- 1 commit per change, do squash on merge
- you can easily work with changes
- there might be few (already squashed) commits in a pull request
- don't make huge changes they will bury the truth
- touch few things at once
- it's kinda obvious
- rebase instead of merge
- no merge commits, cleaner git history
- pull request must have at least 1-2 approvals
- changes must be visible to the team members
- master is read-only
- it's a rule. Always. No exceptions.
- delete branches after a merge
- better navigation and git performance
- use SemVer as a standard for versioning
- do not reinvent the wheel
- release tags
- tracking releases/deployments are simpler
- omit release branches for patches (aka 0.1.x)

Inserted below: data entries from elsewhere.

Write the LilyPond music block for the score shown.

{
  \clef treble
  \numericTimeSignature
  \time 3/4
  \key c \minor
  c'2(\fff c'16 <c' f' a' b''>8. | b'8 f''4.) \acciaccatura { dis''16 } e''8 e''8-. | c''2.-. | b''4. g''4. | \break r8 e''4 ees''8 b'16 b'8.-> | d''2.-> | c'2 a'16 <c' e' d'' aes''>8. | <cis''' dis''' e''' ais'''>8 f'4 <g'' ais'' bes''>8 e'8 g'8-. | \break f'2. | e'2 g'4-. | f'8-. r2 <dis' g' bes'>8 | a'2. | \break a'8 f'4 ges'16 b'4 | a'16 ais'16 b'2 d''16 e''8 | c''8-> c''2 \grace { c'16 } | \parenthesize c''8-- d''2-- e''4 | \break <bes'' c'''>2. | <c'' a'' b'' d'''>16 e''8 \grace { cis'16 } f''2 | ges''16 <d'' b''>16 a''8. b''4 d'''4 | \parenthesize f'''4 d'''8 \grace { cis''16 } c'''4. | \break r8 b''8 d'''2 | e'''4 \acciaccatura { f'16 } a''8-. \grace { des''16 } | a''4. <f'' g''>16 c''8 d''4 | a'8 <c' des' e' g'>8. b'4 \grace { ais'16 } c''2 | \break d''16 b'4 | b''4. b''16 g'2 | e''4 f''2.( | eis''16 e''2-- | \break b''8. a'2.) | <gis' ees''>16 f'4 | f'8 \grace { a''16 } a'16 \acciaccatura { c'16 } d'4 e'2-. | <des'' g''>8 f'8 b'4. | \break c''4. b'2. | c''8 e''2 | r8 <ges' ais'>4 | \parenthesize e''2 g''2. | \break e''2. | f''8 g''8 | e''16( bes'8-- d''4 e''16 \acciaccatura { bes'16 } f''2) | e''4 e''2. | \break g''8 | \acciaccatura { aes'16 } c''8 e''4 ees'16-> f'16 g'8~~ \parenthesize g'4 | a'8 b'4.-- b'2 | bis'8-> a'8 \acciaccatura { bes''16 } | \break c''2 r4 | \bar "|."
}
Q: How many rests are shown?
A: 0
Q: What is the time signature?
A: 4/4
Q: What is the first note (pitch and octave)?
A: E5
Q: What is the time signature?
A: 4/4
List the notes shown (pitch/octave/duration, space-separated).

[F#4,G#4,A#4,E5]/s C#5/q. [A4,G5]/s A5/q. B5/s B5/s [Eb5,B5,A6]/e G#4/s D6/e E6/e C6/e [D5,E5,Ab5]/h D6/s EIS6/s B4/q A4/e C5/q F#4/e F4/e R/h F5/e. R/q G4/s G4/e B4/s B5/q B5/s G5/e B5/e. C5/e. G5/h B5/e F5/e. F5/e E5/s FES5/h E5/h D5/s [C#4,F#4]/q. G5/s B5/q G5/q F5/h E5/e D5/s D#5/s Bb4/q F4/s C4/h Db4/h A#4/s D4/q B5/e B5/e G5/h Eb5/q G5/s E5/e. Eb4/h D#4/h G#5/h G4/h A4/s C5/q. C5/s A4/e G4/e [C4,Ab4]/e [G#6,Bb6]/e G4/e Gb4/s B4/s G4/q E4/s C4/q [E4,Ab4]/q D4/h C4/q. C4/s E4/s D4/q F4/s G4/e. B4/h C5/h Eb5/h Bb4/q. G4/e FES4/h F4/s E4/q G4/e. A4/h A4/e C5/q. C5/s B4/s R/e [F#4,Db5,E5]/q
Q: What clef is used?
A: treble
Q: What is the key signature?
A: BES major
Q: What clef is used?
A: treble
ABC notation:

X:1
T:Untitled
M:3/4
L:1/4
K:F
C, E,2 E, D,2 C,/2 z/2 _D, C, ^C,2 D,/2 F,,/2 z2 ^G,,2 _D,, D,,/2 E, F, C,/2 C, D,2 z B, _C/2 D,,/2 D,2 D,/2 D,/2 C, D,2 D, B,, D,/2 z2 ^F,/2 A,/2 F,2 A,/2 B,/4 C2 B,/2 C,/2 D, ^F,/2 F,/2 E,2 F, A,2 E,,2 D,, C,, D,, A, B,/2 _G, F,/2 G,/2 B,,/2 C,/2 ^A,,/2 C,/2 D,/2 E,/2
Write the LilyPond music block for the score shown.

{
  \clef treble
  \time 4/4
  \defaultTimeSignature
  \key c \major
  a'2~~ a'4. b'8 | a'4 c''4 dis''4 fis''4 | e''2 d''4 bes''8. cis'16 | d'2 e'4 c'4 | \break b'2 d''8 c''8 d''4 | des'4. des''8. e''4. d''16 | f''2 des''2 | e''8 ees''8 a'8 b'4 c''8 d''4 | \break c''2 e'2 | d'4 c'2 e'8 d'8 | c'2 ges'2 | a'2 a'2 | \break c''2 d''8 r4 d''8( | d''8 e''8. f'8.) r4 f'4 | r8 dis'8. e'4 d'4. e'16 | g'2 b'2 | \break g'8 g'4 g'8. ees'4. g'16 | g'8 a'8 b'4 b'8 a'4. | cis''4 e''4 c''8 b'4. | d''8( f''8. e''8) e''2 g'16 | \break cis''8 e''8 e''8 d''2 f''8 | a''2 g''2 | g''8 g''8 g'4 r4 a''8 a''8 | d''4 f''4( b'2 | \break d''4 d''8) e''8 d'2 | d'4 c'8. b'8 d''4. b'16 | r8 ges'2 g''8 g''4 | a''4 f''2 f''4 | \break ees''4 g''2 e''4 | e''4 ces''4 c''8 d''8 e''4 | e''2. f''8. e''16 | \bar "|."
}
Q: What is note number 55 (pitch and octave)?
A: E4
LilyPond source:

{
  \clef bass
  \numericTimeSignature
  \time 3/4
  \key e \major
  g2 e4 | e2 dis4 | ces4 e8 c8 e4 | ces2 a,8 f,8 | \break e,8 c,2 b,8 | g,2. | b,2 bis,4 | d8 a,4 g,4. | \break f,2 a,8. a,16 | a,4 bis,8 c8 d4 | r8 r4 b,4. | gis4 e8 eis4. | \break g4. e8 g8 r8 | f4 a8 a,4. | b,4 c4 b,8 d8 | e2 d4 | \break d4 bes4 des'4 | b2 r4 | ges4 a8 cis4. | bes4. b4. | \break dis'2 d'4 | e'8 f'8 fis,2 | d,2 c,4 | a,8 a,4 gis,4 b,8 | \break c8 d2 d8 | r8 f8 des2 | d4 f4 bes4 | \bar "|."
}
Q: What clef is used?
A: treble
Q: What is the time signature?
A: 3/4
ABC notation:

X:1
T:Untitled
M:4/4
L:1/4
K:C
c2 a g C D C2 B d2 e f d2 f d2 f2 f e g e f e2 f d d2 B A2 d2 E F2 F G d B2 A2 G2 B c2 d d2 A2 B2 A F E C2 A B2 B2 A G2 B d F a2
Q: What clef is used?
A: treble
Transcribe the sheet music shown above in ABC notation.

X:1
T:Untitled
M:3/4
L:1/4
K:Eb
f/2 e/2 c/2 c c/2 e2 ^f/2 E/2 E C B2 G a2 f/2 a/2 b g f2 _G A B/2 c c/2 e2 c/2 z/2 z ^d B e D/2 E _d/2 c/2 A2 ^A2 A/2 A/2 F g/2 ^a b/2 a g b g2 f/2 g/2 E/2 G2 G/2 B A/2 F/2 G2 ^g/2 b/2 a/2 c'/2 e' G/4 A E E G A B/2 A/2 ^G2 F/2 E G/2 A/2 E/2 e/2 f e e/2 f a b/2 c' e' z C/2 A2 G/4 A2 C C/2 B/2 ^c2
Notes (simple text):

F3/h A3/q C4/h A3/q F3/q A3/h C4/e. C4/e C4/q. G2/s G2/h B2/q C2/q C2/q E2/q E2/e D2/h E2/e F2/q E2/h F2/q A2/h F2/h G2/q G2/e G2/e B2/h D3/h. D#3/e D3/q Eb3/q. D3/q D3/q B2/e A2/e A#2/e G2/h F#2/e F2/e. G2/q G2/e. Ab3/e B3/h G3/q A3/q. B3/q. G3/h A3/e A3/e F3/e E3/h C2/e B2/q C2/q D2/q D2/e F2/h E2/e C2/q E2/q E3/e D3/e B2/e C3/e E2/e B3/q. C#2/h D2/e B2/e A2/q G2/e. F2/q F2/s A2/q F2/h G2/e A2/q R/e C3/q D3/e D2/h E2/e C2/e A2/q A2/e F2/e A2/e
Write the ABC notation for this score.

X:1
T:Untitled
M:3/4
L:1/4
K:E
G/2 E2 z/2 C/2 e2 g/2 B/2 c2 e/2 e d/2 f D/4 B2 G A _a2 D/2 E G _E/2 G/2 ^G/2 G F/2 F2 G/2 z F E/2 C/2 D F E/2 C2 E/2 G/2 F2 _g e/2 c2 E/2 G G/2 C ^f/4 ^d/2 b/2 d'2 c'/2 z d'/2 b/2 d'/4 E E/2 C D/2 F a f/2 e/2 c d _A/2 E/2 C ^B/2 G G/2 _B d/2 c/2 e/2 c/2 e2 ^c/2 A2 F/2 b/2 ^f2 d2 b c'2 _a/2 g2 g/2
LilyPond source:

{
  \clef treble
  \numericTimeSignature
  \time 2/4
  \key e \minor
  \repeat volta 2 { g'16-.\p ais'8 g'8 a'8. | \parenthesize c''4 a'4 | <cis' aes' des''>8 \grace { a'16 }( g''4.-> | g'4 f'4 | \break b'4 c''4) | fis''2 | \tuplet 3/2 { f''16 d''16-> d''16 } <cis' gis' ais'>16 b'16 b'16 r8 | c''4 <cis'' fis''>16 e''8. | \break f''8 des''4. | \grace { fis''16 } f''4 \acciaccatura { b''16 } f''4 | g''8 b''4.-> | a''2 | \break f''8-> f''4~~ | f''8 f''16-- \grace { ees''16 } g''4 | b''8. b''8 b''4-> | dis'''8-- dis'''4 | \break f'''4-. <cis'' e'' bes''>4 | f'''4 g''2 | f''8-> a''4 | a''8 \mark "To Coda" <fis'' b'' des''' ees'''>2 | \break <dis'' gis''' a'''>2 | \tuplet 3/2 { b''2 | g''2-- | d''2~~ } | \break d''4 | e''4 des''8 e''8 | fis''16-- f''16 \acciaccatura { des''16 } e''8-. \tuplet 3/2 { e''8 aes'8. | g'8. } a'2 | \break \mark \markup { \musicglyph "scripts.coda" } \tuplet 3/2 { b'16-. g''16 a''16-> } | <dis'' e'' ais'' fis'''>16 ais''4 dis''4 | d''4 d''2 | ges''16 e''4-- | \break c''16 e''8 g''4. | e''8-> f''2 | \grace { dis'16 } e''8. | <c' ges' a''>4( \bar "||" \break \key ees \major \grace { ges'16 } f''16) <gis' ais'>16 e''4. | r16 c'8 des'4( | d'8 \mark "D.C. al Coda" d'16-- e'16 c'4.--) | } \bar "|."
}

- use release tags for that
- no global history changes
- prevents git history misuse
- commit message format
- clear, well explanatory, structured
- no big binary files inside a repo
- slowdowns without a reason
- have a meaningful README
- so everyone can quickly get an overview of the repo
- auto-revert on failure
- rollback changes, no broken code in the master
- run at any commit
- the obvious ability for CI
- CI plan in git
- know all plan changes and have consistency
- warn about formatting verification
- no developer disruption in the future
- warn about coverage illness
- coverage is a quite important thing
- track test failures and flakiness
- statistics, hints, conclusions
- store build logs for 3+ months
- having analytics and working links to them
- do not remove builds/PR/issues
- unexpected 404 will help no one, will not save disk space also
- docs are generated from the code
- end-user changes must be explicit
- locally reproducible builds
- re-run part of a job on my local machine
- use Makefile, Bash
- simple, easy, well known
- ability to start/stop a job on CI
- waiting for an approval to make this action is a horrible bottleneck
- CI jobs should be runned periodically
- to reduce possible errors due to hidden dependecies
- configuration files must be validated before a start
- unless difficult debug is your goal
- store config in the same repo as a code
- this prevents 'the chick or the egg' problem
- all features must be protected by feature flag
- in case of an accident, it will(might) be enough to turn it off
- deployment of a new config must be isolated
- to separate different machines/containters/storages from each other
- deploy must go from a (git-)tag or release, not from the master
- this restricts a changeset which will be deployed
- leave your code better than you found it
- document your code
- giving a small context for API will save a lot of time
- use linters and code analysis all the time
- the best handling for the best code
- touch legacy, often
- it becomes non-legacy faster
- remove deprecated stuff
- having a bloated dead code is a mistake
- also remove old code
- it adds even fewer reasons to the new code
- use TODO, BUG, XXX in code
- jumping to the issue tracker can be minimised
- no experiments in the master
- use your 20% time as a playground, please
- allow changing log-level on the fly
- this will simplify production's debug routine
- limit your log file, 'cause it might grow unlimited
- this might cause troubles to your app, be careful
- store your config in /etc/myapp and logs in /var/log/myapp
- this will make everything more structured and well defined
- all modules must have the same structure
- similar environment everywhere is a good idea
- if you can’t show a bottleneck, don’t start to optimise it
- it might be interesting and challenging, but useless
- check back compatibility before the new releases
- make it explicit and obvious (+doc how to port)
- think about your data
- don't use SQL/NoSQL without a reason
- keep models normalized
- less storage, better performance
- but don't normalize without a reason
- everything is a trade off
- use timestamp to store a date/time
- this will save you from formatting hell
- log slow queries
- see what is happening in a database and who is too greedy
- don't put business logic into DB or at least make it loosely coupled
- this will give you an easy migration to another DB
- wrap any dependency with an interface(or analogue)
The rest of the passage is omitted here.